Who would want to be the first penguin to leap into the icy Antarctic waters? The first brave soul to do so risks unseen leopard seals and orca. However, without at least one penguin prepared to take that first plunge, they would all starve. So, the penguin community needs risk takers to survive and grow. Teachers are a bit like penguins. We need risk takers. We need to encourage risk taking. Otherwise, our practice stagnates, intractable problems remain unresolved and pupils’ experience is diminished.
In order to be a bit more penguin, all teachers at Sawston Village College undertake a Teaching Excellence Project, a research and investigation project designed to develop the practice of individual teachers, build the expertise of subject teams and enrich the learning of pupils across the school.
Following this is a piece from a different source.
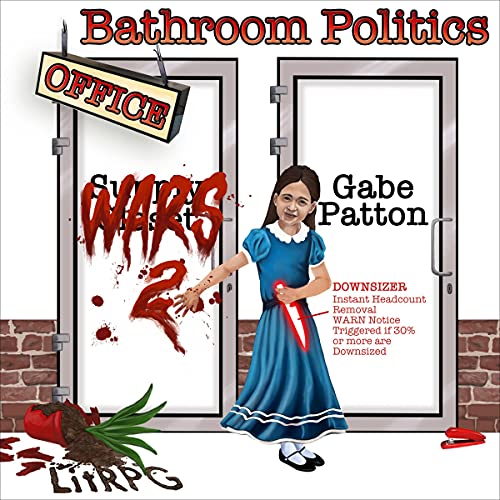 Office Wars: Bathroom Politics by James Patton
The projects culminate in an annual celebration, when colleagues share their work and insights.
This year, the teachers who pushed themselves furthest from their comfort zones, who thought most radically about teaching and learning, were presented with the inaugural “Penguin Award” – the cuddly, foot high penguin is now taking pride of place in the lab of the science colleagues who explored the possibilities of flipped learning, producing a series of videos as they reimagined what homework is for and how it can be done.
This post gives just a taste of the inspiring, vibrant, thoughtful work that colleagues have produced. Subsequent posts offer some more specific examples of the work undertaken by Sawston teachers.